Todd is confused about the timing of justification. He, like most Calvinists, believe faith is the cause of justification. Romans 8:10, among other passages, flatly rejects this. “The Spirit is life BECAUSE OF RIGHTEOUSNESS.” Imputation precedes faith. It is imputation that he is confusing with justification. Imputation is union. Justification is a verdict. He writes: “So while decretal union precedes saving faith, saving faith must precede mystical union to preserve justification by faith alone.” That is a logical contradiction. It is like saying, while the cart precedes the horse, the horse must come before the cart in order to preserve the horse preceding the cart. We are not justified based on an infusion of Christ’s holiness into us. Rather, we are justified by a forensic union with Christ’s death.
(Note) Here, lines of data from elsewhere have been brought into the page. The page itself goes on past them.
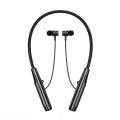 Hoco MMJ-01 Wireless Bluetooth Neckband Headphone - Black.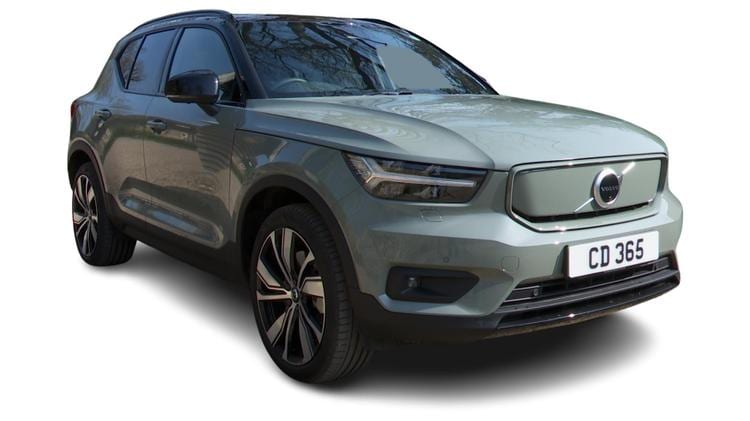 Xc40 Electric Estate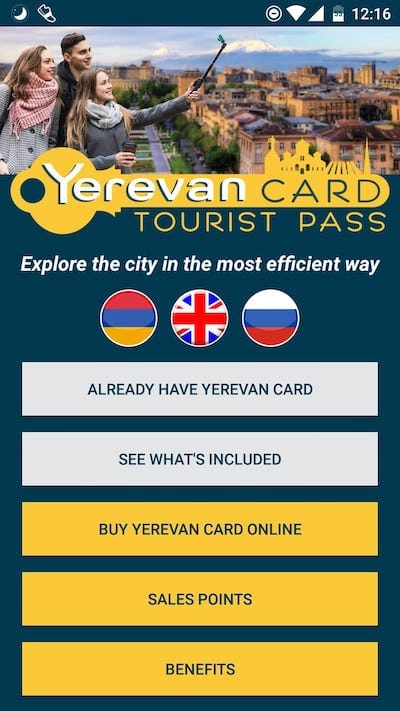 Armenia Travel Apps: 8 Useful Mobile Apps to Download Before Your Trip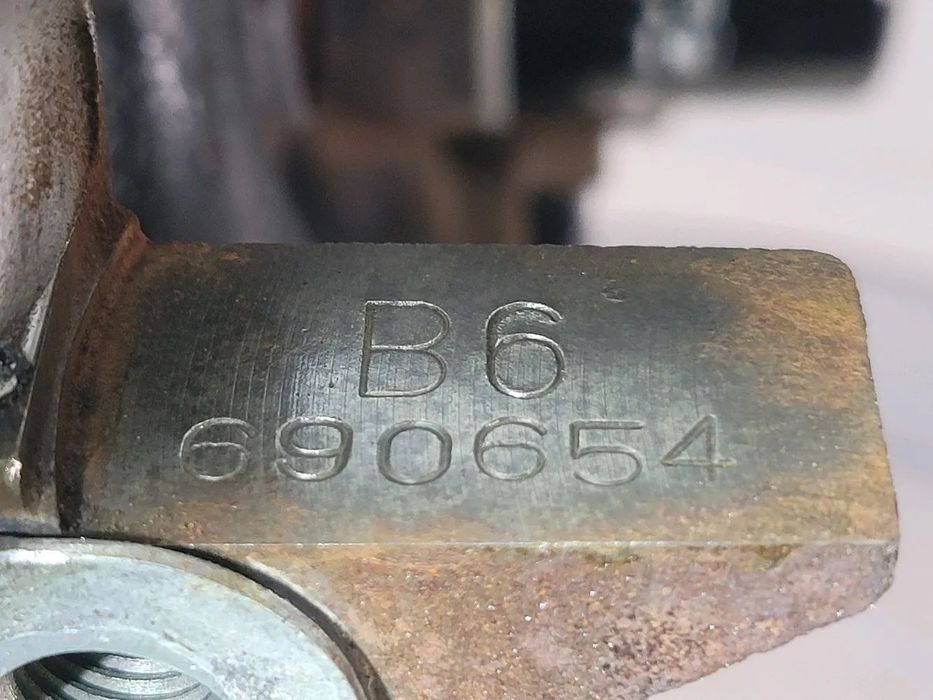 Motor B6 NB Mazda 1.6L 110CV MX-5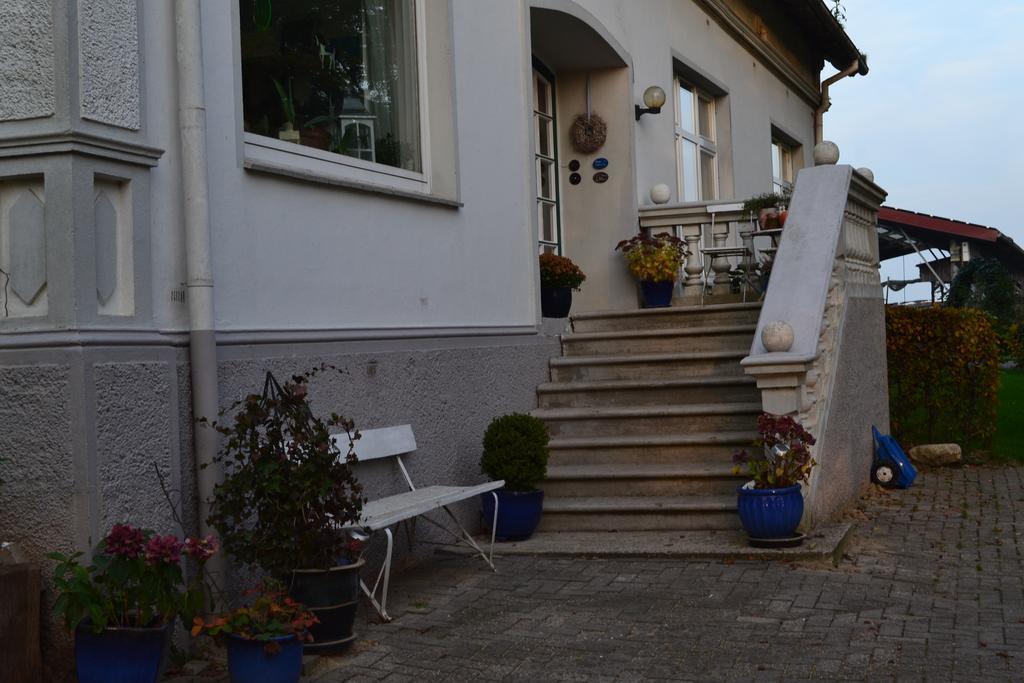 Farm Stay Hof Auf Der Wurp Harrierwurp Dış mekan fotoğraf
Galatians 2:20 I have been crucified with Christ. It is no longer I who live, but Christ who lives in me. And the life I now live in the flesh I live by faith in the Son of God, who loved me and gave himself for me.
The crucified part must always come first.
Todd writes: If we are to find comfort in union, and we should, we must first see that our union was applied to us through the instrumentality of faith in the gospel.”
I answer: If we are to find comfort in union, and we should, we must first see that our union was applied to us through the GRACE OF GOD. Not through the instrumentality of faith, but rather through the grace and kindness of our Lord Jesus Christ. Otherwise, faith becomes a work.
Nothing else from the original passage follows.